▶ _Directions_
Every line below should come back exactly as written, though the pictures stay out.

(Task data Opens)

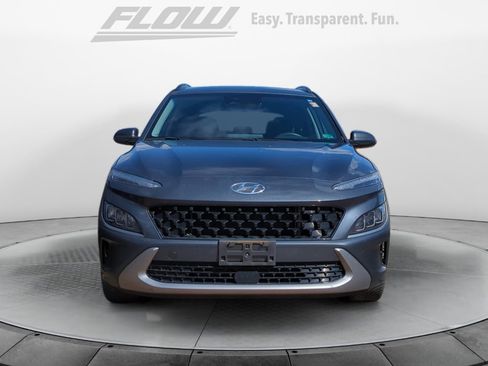 Used 2022 Hyundai Kona Limited w/ Winter Weather Package image 3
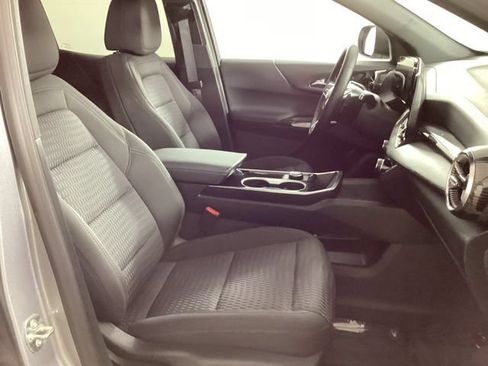 Used 2026 Chevrolet Equinox LT AWD/4WD image 18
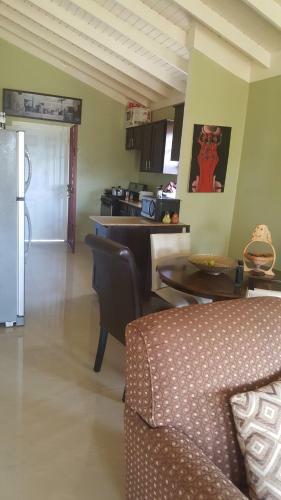 Le Chalet Drax Hall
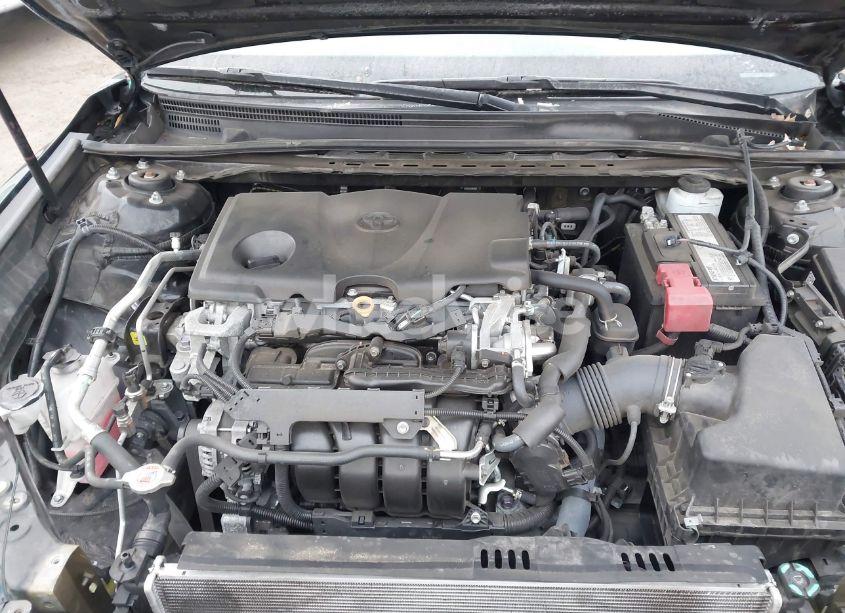 Photo 10 of 2019 Toyota Camry LE (VIN 4T1B11HK2KU284045)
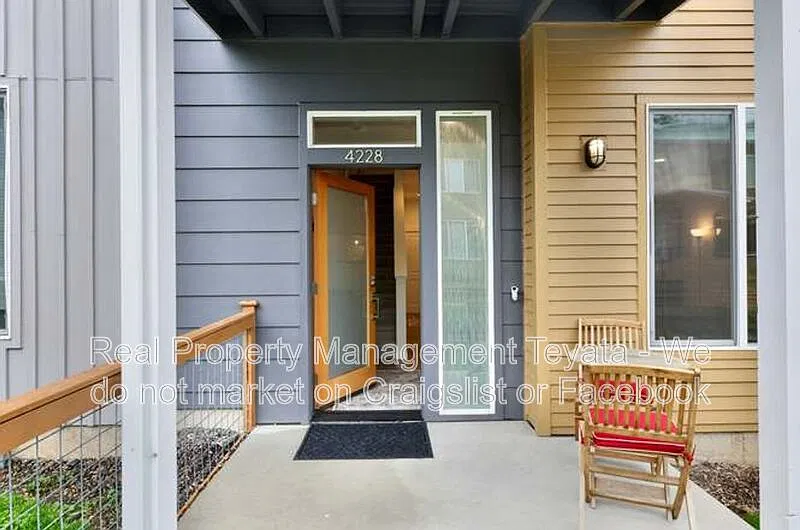 3 bed, 2.5 bath, 1556 sqft, $2,695 — Photo 3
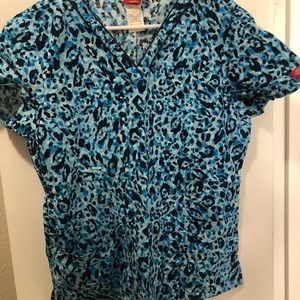Nursing scrub top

(Task data Closes)

▶ _Answer to this problem_
 Used 2022 Hyundai Kona Limited w/ Winter Weather Package image 3
 Used 2026 Chevrolet Equinox LT AWD/4WD image 18
 Le Chalet Drax Hall
 Photo 10 of 2019 Toyota Camry LE (VIN 4T1B11HK2KU284045)
 3 bed, 2.5 bath, 1556 sqft, $2,695 — Photo 3
Nursing scrub top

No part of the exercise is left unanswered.